If this does not remove enough of the surface to provide the desired clarity of the glass you can try either using pumice or jeweller's rouge, or dilute hydrofluoric acid.

Hydrofluoric acid used in a 10% or less solution will remove the surface of the glass, so eliminating the evidence of corrosion. It will even out, but not eliminate, the evidence of any etching. The disadvantage to this method is the risks associated with such a dangerous chemical. There is within this note on acid etching a door panel some advice on safety.

If you decide to avoid the hydrofluoric acid method, you can use mild abrasives such as jeweller's rouge or pumice with water and a felt polishing head. Once you have ground the whole of the surface, you need to wash it very thoroughly in clean water. Then change the felt head and go to cerium oxide to provide the optical finish.

Note:

All the dilutions and solutions suggested here are with water.

This note assumes the glass has had any paint already removed. For a method of removing house paint see this tip.

Negative assembly

To get a crisp design finish to a fused piece especially with thin elements like stringers it is often recommended to fire upside-down. This means that the bubbles move toward the final bottom of the piece rather than rising and disturbing the design on the top.

Assemble the piece on your workbench as usual on top, but use a toothpick or small brush to dab some GlasTac or other glue near the two ends of each piece. Let it dry overnight and then carefully flip the whole arrangement upside down onto the kiln shelf.
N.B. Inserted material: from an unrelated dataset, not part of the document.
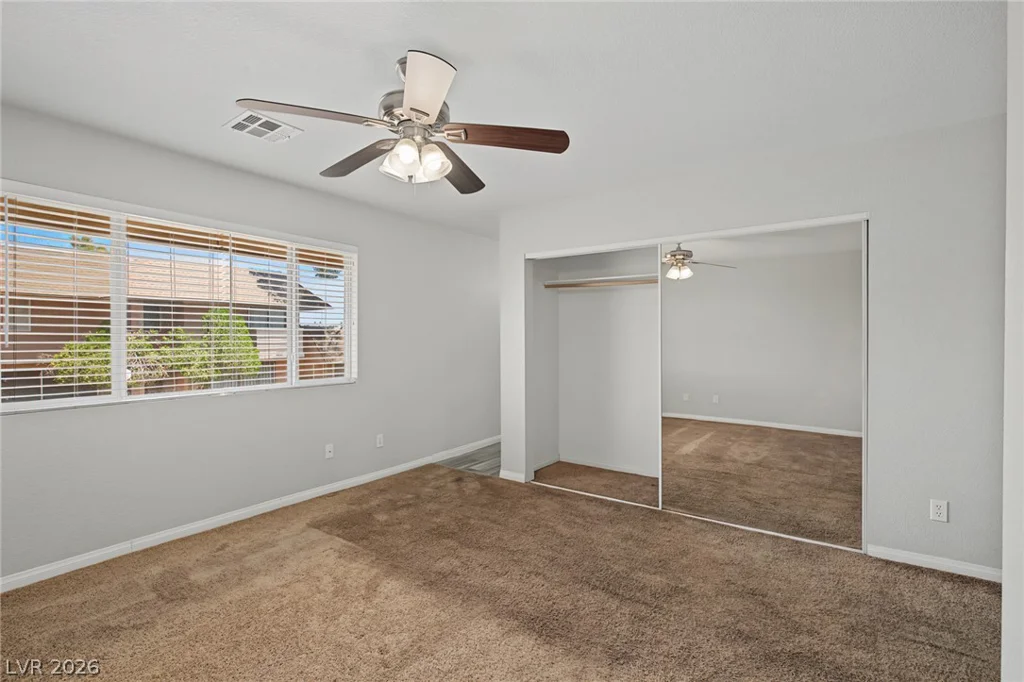 2510 Paradise Village, Las Vegas, NV 89120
If you don't like the glue and flip over technique you can try another. Draw your design onto Thinfire shelf paper in negative with a graphite pencil. If you have a strong light source you can draw on the reverse (printed) side and trace the negative onto the upper face of the Thinfire. Then assemble your pieces upside-down on the shelf. You can assemble the whole in the kiln and there is no need for glue.

When fired, clean the piece thoroughly and decide whether you want that texture or a smoother surface. If you want the smoother surface, put in the kiln for a fire polish. This is often known as “flip and fire.”

Soldering Zinc

Brass, copper and zinc are heat sinks. That is, the metal conducts the heat rapidly so more heat has to be applied than for lead and tin to keep the soldering site hot enough to accept the solder.
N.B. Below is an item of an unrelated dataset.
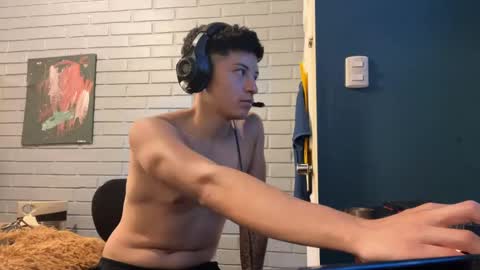 Felipe online show from 4, 2, 2025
The important elements are:

Use a hot iron. If you use a rheostat, turn it up to full. If you can, change the tip/bit to one rated at 800F – it will have an “8” stamped on the end that goes into the barrel of the iron.

Apply the flux liberally at the soldering point to ensure the area is “wetted”.

Keep the iron in contact with the came for a few seconds to heat the metal. If you are using zinc as your border around a leaded panel, make sure you do not heat up the lead came so that it begins to melt.  Keep the iron on the zinc.  It will transmit heat to the lead came without getting it hot enough to melt.

When the came is hot, apply the solder to the bit. 

Keep the bit on the metal until you see the solder begin to flow on both the zinc and the lead or onto the solder bead (on copper foil), then gently lift directly up. 

Starting

“Where should I start cutting the glass from the inside or outside of the cartoon?”

Once the colour selections are made, you can start the cutting in what ever order suits you. Some cut colour by colour. Others cut the glass in the order that fits together. This usually means the main image is cut first and the pieces laid up on a glass easel to determine their interactions. When satisfied, the background or in-fill pieces are cut and fitted.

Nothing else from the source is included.